= Prince spaghetti =

Pasta brand and manufacturer in the USA

Prince (also known previously as Prince Spaghetti) is a pasta brand and manufacturer in the United States. The company has been sold several times in the latter part of its history and is currently a part of Winland Foods.

Prince was founded in 1912 when 3 Sicilian immigrants opened a small pasta shop in the North End of Boston, Massachusetts at 92 Prince Street. Gaetano LaMarca was the administrator, Giuseppe Seminara was the salesman and Michele Cantella was the pasta maker. It soon outgrew its shop and relocated to Lowell, Massachusetts. In 1941, Giuseppe Pellegrino, another Sicilian immigrant, joined the company and soon bought a controlling interest. The company remained in the hands of the Pellegrino family until 1987 when it was sold to Borden, which was acquired by New World Pasta in 2001.

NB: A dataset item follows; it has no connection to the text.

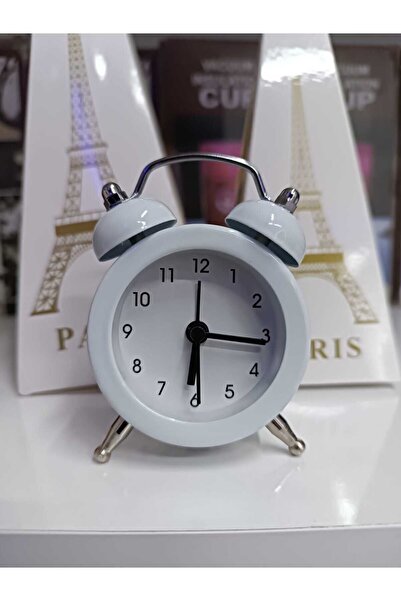 Mirdiya Beyaz Renk Mini Masaüstü Analog Dekoratif Çalar Saat Masa Saati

In 2017, Riviana Foods, a subsidiary of Ebro Foods, merged with New World Pasta to gain a controlling interest in the brand (as well as a controlling interest in American Rice), and in 2020, the brand was sold to TreeHouse Foods, which in turn sold the brand to Investindustrial Winland Foods in 2022.

Prince is best known for its 1970s commercials featuring an Italian-American mother leaning out of a window in the North End of Boston yelling for her son Anthony to come to dinner. The tag line was "Wednesday is Prince Spaghetti day."